Meanwhile, Herodotus makes it possible to calculate the day of sailing on the example of the Dnieper. He reports that the Scythian farmers occupy space for 11 days of sailing from the sea up the Borisfen, and then the desert, beyond which lives another, non-Scythian tribe, the Androphagi (§ 18). True, further Herodotus indicates a different distance - 10 days of sailing (§ 53). But this contradiction, as already noted by Yu. G. Vinogradov 8 , is apparent.

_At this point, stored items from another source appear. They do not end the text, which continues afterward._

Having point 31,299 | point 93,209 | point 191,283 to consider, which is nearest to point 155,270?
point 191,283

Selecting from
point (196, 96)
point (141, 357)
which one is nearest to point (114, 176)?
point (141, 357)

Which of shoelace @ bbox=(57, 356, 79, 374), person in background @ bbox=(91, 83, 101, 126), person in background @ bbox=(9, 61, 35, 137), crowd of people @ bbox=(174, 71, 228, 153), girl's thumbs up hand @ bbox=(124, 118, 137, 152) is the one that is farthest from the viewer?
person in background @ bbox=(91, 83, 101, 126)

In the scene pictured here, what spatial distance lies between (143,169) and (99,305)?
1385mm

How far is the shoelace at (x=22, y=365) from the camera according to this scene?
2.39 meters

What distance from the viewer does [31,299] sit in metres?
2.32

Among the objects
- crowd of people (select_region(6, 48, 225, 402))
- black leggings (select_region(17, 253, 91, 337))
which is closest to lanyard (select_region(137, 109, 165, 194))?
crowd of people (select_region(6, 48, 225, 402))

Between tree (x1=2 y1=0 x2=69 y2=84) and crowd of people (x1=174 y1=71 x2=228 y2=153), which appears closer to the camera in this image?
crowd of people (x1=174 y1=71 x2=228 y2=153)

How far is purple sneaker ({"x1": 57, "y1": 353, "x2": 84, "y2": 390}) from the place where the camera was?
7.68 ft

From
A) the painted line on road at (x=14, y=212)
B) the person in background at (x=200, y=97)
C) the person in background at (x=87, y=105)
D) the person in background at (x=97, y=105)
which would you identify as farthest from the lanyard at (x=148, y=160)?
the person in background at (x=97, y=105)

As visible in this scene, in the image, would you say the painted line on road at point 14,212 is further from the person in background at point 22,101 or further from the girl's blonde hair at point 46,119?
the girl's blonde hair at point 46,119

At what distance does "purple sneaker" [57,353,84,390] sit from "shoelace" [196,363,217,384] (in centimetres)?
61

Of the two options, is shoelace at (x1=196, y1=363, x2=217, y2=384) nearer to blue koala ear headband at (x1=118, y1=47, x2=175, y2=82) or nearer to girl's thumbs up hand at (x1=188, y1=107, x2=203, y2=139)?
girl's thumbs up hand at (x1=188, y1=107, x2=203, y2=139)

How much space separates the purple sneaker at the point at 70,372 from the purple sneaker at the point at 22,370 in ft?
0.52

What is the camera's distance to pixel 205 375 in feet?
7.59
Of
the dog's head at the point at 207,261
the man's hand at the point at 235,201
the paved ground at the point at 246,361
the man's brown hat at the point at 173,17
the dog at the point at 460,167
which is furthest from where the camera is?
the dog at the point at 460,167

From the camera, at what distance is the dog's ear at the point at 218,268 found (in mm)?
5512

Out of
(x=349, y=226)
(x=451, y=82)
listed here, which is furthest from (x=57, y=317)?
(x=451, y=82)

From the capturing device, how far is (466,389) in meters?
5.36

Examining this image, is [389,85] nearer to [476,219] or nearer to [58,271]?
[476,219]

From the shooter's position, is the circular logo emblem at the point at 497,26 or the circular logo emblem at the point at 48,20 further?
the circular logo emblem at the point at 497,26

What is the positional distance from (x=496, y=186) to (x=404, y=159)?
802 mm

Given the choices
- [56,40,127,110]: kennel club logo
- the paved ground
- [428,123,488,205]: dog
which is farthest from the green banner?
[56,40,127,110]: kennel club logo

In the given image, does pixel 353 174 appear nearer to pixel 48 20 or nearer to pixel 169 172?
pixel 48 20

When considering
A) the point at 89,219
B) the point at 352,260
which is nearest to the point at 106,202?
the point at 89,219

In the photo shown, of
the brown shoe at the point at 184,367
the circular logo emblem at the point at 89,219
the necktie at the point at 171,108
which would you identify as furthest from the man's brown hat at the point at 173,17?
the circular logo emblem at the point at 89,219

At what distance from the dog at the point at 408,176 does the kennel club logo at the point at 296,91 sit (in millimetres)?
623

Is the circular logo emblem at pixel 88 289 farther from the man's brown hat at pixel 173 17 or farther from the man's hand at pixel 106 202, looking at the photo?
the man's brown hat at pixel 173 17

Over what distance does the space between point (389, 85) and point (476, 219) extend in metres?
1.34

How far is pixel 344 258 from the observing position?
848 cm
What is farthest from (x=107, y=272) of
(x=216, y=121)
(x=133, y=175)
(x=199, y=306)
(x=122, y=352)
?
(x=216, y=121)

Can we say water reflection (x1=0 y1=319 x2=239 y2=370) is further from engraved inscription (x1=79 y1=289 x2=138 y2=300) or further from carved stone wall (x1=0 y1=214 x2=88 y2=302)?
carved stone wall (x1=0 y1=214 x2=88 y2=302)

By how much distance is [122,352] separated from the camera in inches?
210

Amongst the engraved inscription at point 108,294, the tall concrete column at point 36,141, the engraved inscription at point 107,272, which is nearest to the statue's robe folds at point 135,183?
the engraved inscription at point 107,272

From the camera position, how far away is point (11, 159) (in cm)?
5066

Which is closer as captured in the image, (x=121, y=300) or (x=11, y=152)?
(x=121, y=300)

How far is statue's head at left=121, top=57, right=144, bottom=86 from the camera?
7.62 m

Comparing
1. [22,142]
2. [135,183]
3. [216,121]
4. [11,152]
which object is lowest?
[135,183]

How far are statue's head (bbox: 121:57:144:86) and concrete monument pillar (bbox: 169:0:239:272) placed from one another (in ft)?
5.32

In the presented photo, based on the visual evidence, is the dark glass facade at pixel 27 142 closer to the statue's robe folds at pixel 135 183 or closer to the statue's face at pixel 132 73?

It’s just that in the first case, Herodotus after the sea mentioned Gilea, and then the Scythian farmers, and in the second case, he counted the distance from the north and measured only the territory they occupied. From this it becomes clear that one day of the voyage falls on Gilea. So, the upper border of the Scythian territory was 11 days sailing up the Borisfen. In other words, these 11 days of sailing measure the Scythian territory. And in another place, Herodotus indicates the length of Scythia from the sea to the north in days of travel (§ 101). It is equal to 20 days of travel, or 4000 stages (a day of travel for Herodotus is 200 stages), i.e. 600-640 km. Therefore, this distance corresponds to 11 days of sailing. From here it is easy to calculate that the day of navigation on the river is approximately 55-58 km.

Another attempt to calculate the day of the voyage was made on the basis of Herodotus' data that Exampey is four days' voyage from the sea.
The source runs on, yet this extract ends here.